Make an exact copy, from the records below, of the lines from the line containing "Super floss. Has" to the line containing "Finally I'll add", both lines included, excluding pictures.

#### [Record extracts]
"""

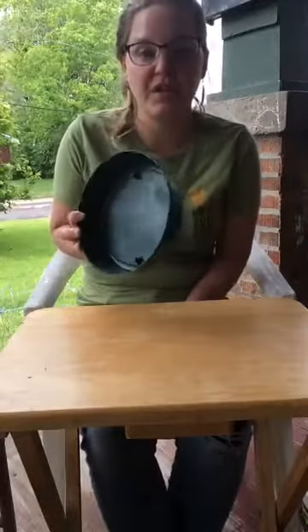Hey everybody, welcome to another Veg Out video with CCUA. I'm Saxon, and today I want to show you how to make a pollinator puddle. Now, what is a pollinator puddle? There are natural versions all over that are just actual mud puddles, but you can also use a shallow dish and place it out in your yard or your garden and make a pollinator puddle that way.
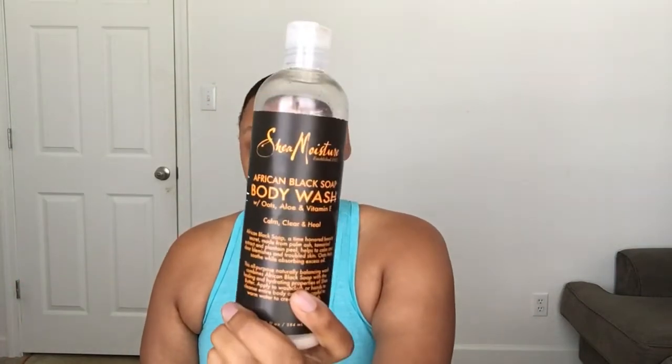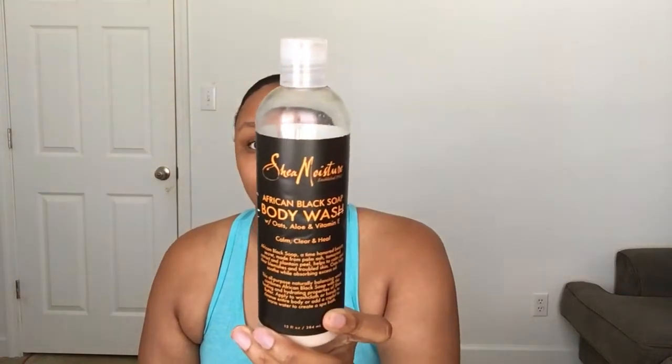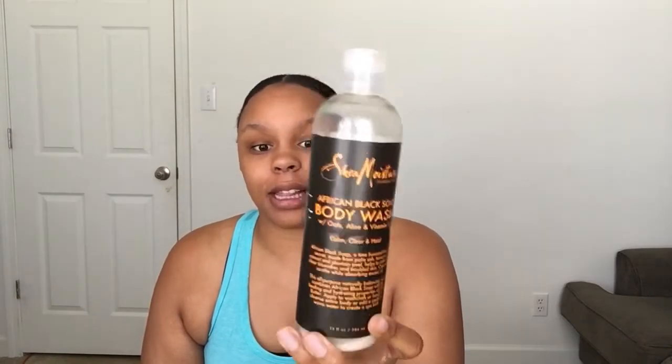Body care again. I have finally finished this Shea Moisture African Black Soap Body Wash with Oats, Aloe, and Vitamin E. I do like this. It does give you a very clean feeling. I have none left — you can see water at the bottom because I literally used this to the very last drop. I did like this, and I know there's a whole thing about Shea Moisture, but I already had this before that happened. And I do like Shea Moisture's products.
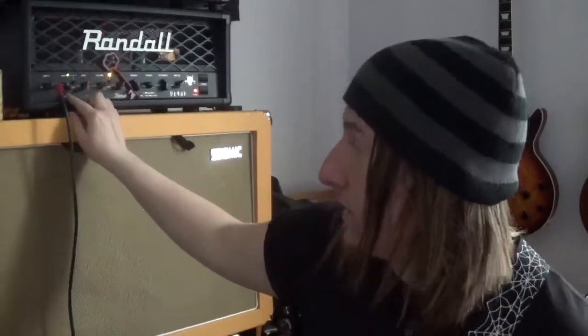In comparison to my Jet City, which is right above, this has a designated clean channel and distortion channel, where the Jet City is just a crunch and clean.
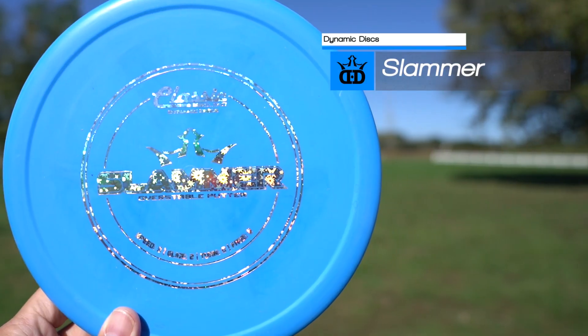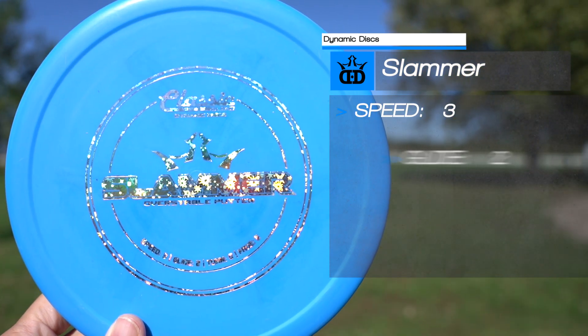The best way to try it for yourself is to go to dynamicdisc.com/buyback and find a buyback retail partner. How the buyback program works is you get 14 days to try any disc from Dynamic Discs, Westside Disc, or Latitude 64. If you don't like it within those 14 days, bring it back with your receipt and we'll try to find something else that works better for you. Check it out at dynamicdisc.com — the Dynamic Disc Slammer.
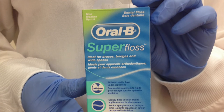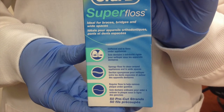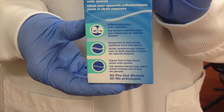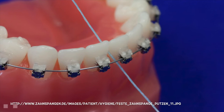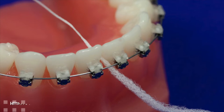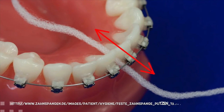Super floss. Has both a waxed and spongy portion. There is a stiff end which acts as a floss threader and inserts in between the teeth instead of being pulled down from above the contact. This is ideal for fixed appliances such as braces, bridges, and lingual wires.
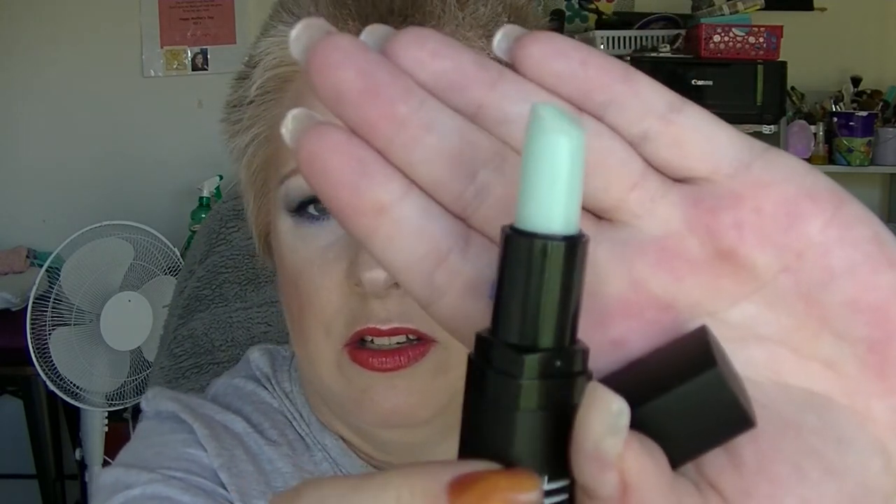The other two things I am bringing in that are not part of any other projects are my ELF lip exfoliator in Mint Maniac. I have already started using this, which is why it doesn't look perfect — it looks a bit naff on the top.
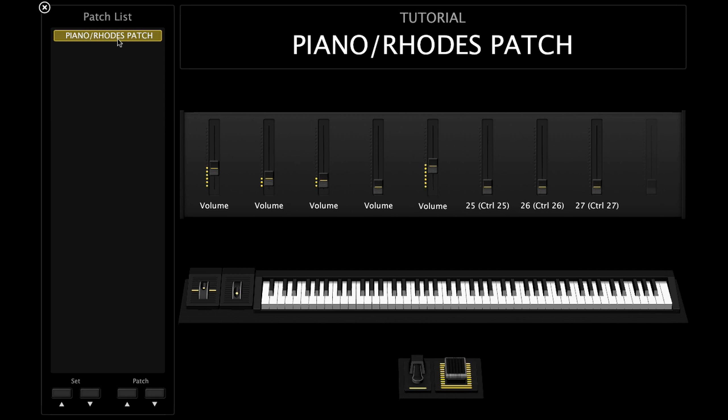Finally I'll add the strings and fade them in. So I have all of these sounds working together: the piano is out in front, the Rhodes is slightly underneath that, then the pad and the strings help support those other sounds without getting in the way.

"""
"""

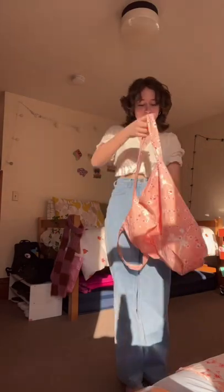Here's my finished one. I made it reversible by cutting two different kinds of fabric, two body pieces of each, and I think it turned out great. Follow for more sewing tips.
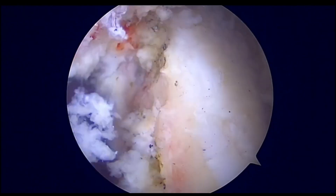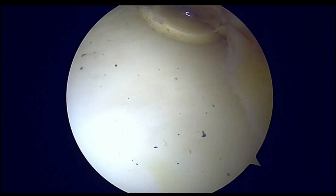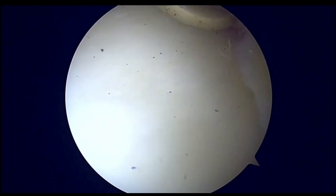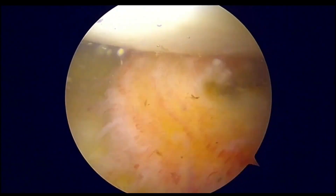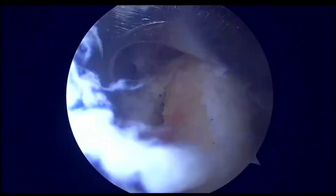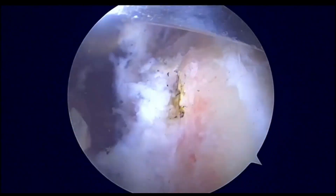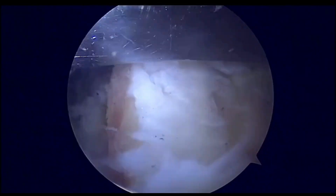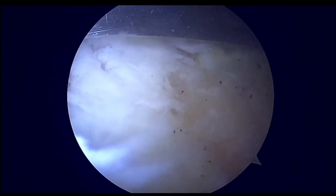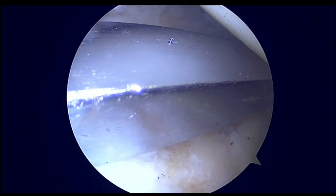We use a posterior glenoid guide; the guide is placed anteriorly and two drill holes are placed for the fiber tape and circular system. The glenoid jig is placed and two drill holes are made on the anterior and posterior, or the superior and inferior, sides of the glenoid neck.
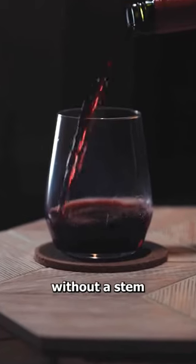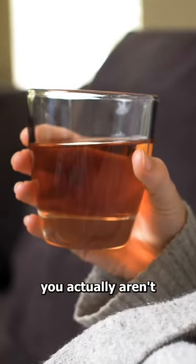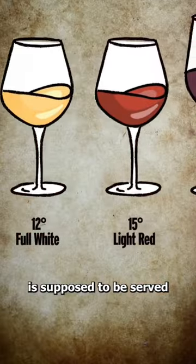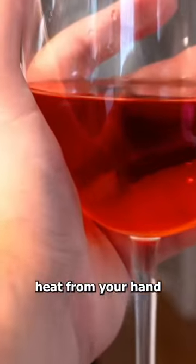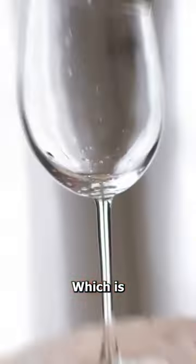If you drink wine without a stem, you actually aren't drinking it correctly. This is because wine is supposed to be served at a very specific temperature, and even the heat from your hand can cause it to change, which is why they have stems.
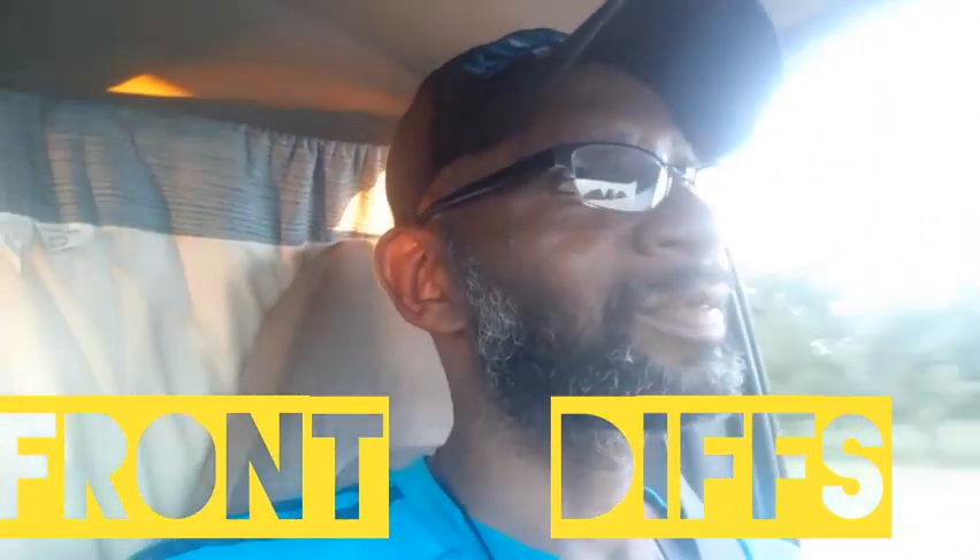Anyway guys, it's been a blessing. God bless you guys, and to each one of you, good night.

"""
"""

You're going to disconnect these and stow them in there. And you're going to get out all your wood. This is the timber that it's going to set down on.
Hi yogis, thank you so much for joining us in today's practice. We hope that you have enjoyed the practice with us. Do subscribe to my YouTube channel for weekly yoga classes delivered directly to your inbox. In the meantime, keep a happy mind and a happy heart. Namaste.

"""

#### [Final answer]
Super floss. Has both a waxed and spongy portion. There is a stiff end which acts as a floss threader and inserts in between the teeth instead of being pulled down from above the contact. This is ideal for fixed appliances such as braces, bridges, and lingual wires.
The other two things I am bringing in that are not part of any other projects are my ELF lip exfoliator in Mint Maniac. I have already started using this, which is why it doesn't look perfect — it looks a bit naff on the top.
Finally I'll add the strings and fade them in. So I have all of these sounds working together: the piano is out in front, the Rhodes is slightly underneath that, then the pad and the strings help support those other sounds without getting in the way.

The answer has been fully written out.